-------- Source material --------
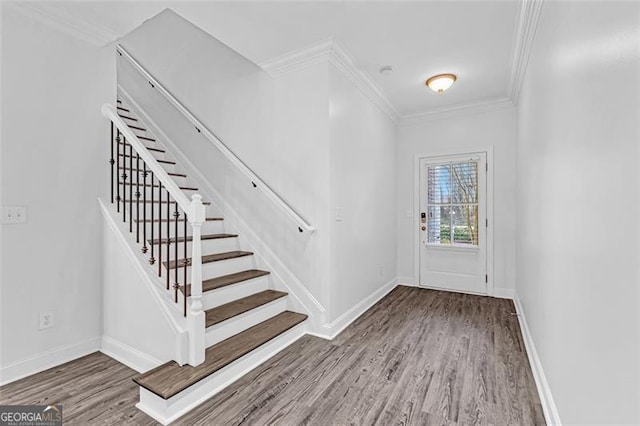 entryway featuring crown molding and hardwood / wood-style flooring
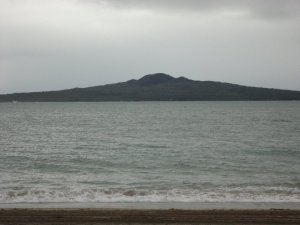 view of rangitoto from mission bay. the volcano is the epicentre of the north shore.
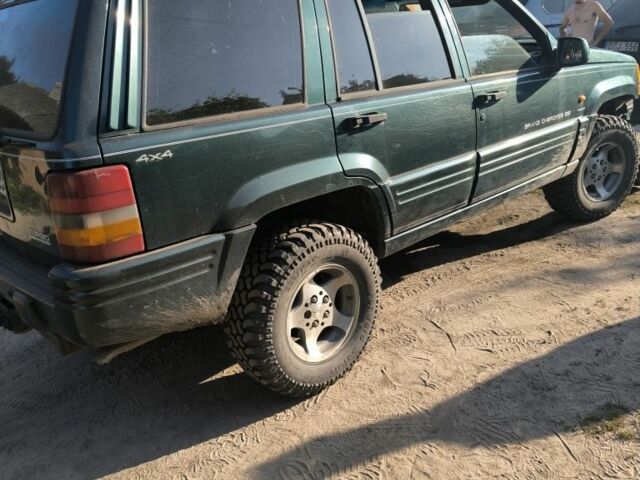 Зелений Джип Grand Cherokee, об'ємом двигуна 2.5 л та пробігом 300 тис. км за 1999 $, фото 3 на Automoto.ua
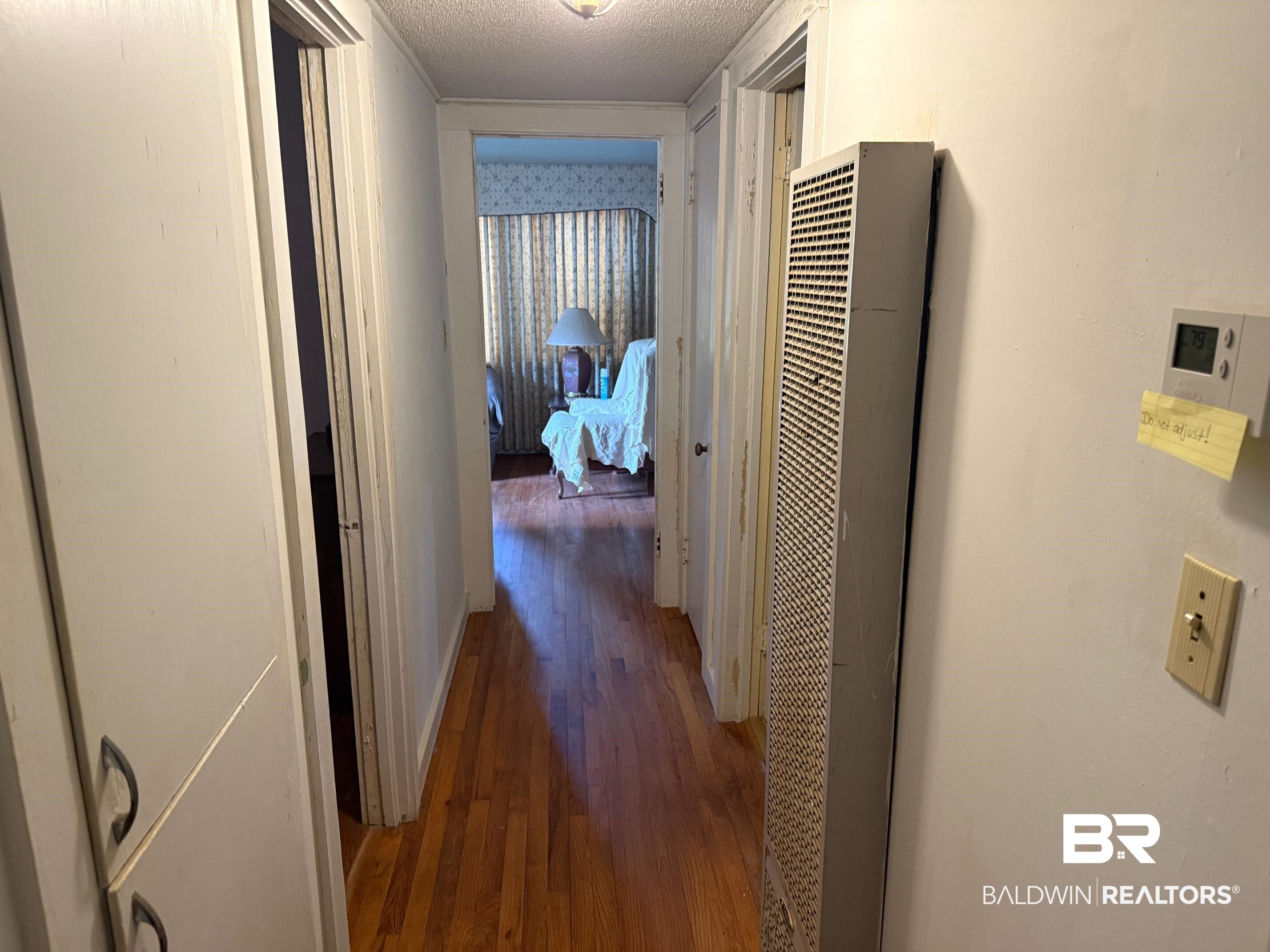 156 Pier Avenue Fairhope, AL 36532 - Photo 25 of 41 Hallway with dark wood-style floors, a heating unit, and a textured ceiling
--------
-------- Source material --------
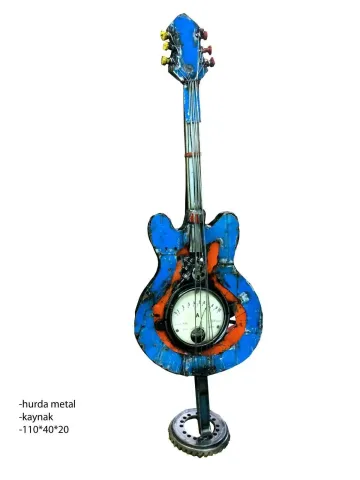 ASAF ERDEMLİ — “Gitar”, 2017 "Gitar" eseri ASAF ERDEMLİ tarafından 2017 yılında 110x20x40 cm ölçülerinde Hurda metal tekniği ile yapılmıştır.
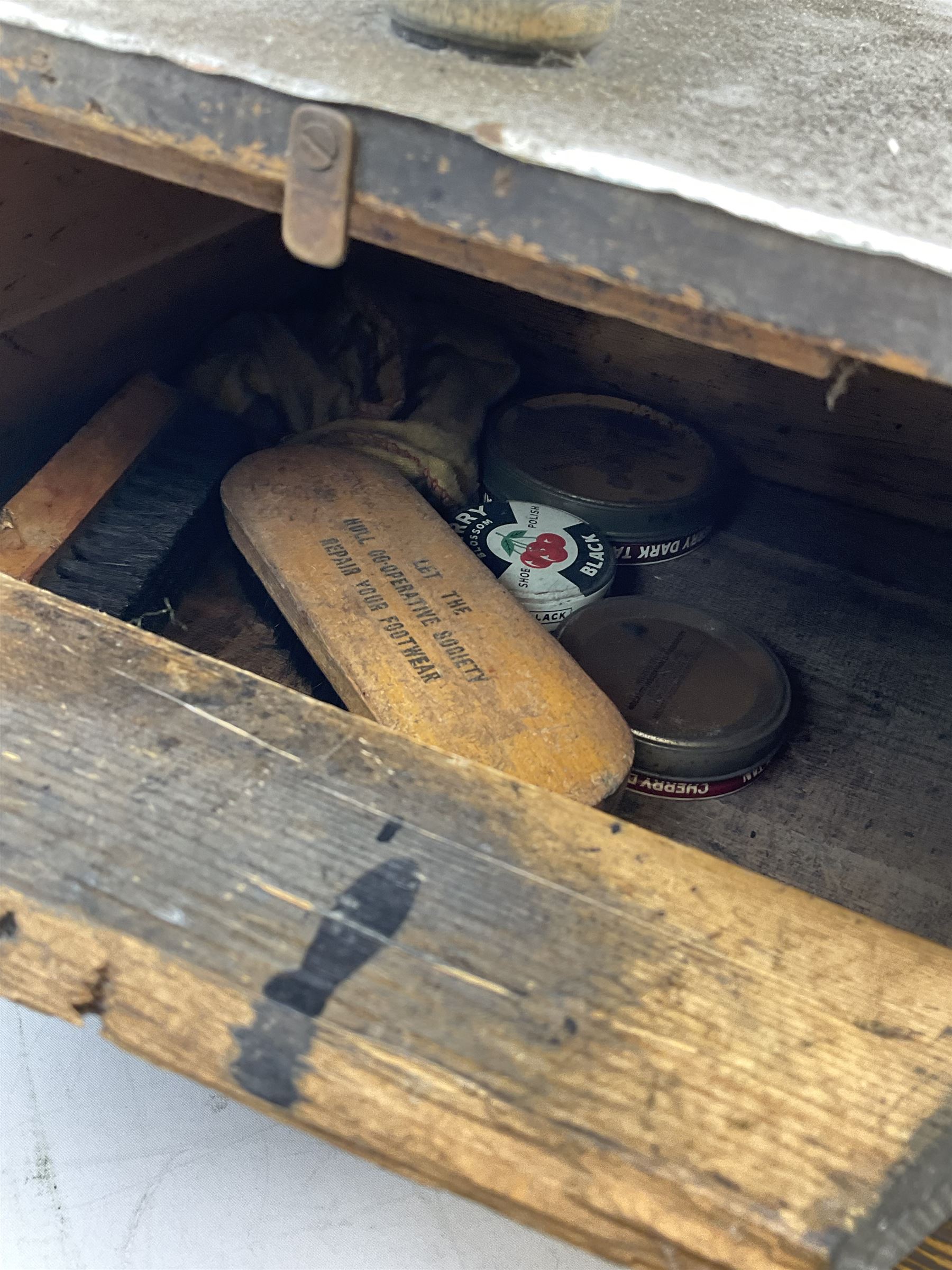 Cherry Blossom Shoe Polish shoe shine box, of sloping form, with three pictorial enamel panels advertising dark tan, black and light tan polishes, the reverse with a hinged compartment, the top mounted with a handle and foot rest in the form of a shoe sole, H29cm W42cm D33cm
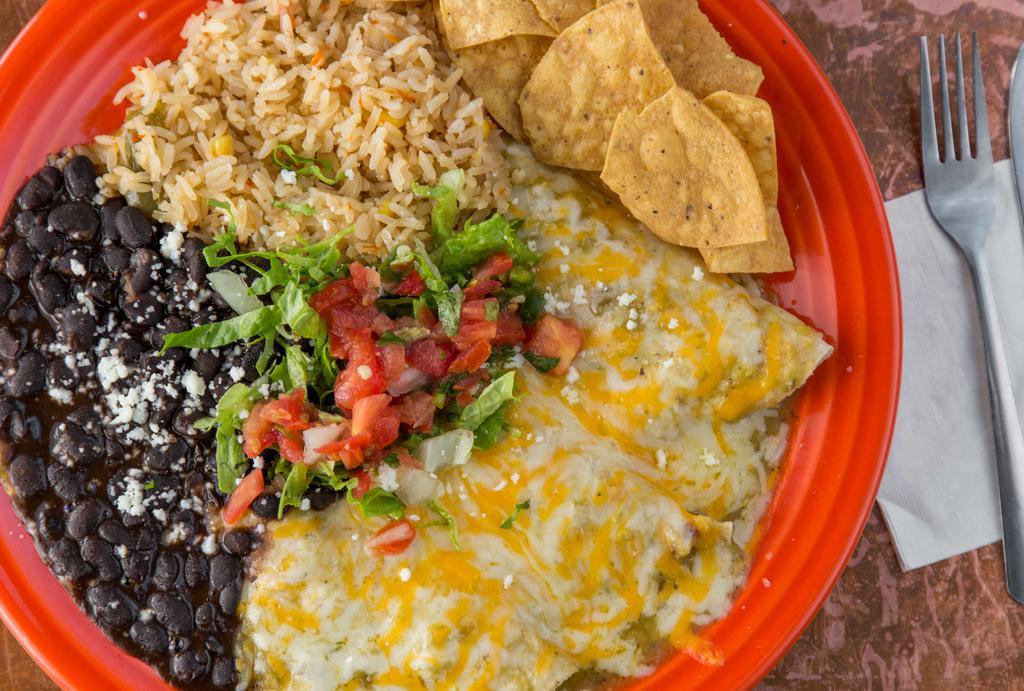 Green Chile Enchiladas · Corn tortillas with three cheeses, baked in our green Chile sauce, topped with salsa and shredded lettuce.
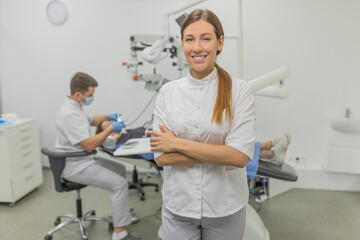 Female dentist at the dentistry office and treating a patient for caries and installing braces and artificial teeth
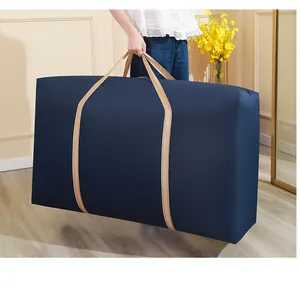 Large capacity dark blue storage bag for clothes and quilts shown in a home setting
--------
-------- Source material --------
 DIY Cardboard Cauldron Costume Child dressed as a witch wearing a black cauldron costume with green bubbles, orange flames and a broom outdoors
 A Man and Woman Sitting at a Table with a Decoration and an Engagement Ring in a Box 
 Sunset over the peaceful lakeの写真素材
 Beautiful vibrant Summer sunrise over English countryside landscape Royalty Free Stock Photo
--------
Give again, exactly as written above, each line from the one that has "Female dentist at" to the one that has "Large capacity dark", both included; omit the pictures.

 Female dentist at the dentistry office and treating a patient for caries and installing braces and artificial teeth
 Large capacity dark blue storage bag for clothes and quilts shown in a home setting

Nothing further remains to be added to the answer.